Mounting and control solution for a lift bogie's travelling wheel (20), which comprises an outer bearing housing (41), which is supported on the lift bogie's body structure (P), a cylindrical inner bearing housing (42), which is fitted in an axial first bore (41a) of the outer bearing housing (41), and a bearing element (43), through which the travelling wheel's (20) shaft (10) is supported in the inner bearing housing (42), whereby the inner periphery (42a) of the inner bearing housing (42) is eccentric in relation to the outer periphery (42b) of the inner bearing housing (42), characterized in that that the inner bearing housing (42) is locked into the outer bearing housing (41) with a friction lock (45, 46, 47, 49) in such a way that the inner bearing housing (42) can be rotated step-lessly in the peripheral direction in order to control the desired eccentric position in relation to the outer bearing housing (41) and it can be moved step-lessly in the axial direction in relation to the outer bearing housing (41) in order to control the desired gauge.
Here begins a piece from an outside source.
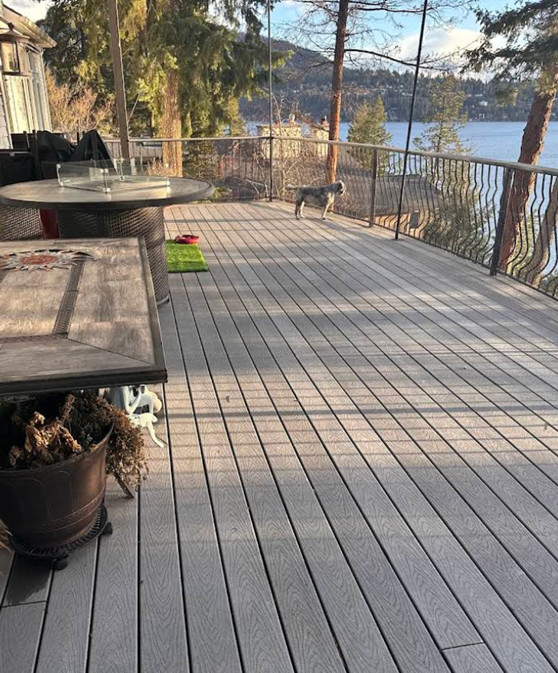 Example of a trendy metal railing deck design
Mounting and control solution for a travelling wheel according to claim 1, characterized in that the friction lock (45, 46, 47, 49) between the inner bearing housing (42) and the outer bearing housing (41) is formed by a member (45, 47), which is supported to move in the outer bearing housing (41) and whose friction surface (45a, 47a) fits against the outer periphery (42b) of the inner bearing housing (42) to form said friction lock.
Mounting and control solution for a travelling wheel according to claim 1 or 2, characterized in that the friction lock (45, 46, 47, 49) between the inner bearing housing (42) and the outer bearing housing (41) can be opened and closed with one mounting member (46, 49).
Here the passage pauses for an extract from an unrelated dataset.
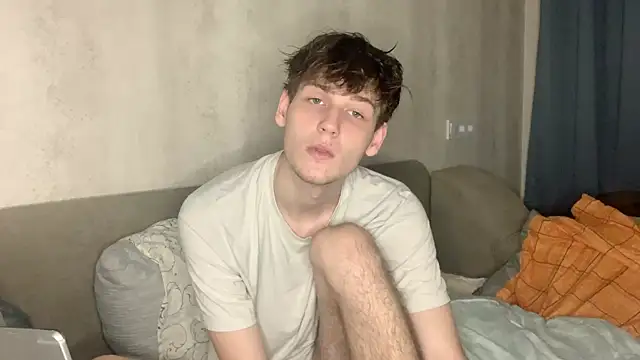 cutie guys online show from 12/21/24, 06:23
Mounting and control solution for a travelling wheel according to any claim 1 - 3, characterized in that the friction lock of the inner bearing housing (42) comprises a second bore (41b), which extends through the outer bearing housing (41) in a transverse direction to the axial direction and which is provided with an internal thread, a wedge (45) fitted in the second bore (41b) and a first screw (46), whereby tightening of the first screw (46) will force the wedge's (45) oblique wedge surface (45a) against the outer periphery (42b) of the inner bearing housing (42) to lock the inner bearing housing (42) in the outer bearing housing (41) against axial and peripheral motion.
Mounting and control solution for a travelling wheel according to any claim 1 - 3, characterized in that the friction lock of the inner bearing housing (42) comprises a lever arm (47), whose first end is supported through a pivot (41b) in the outer bearing housing (41), and whose second opposite end is supported with a second screw (49) in the outer bearing housing (41), whereby tightening of the second screw (49) will force the friction surface (47a) of the lever arm's (47) middle part against the outer periphery (42b) of the inner bearing housing (42) to lock the inner bearing housing (42) in the outer bearing housing (41) against axial and peripheral motion.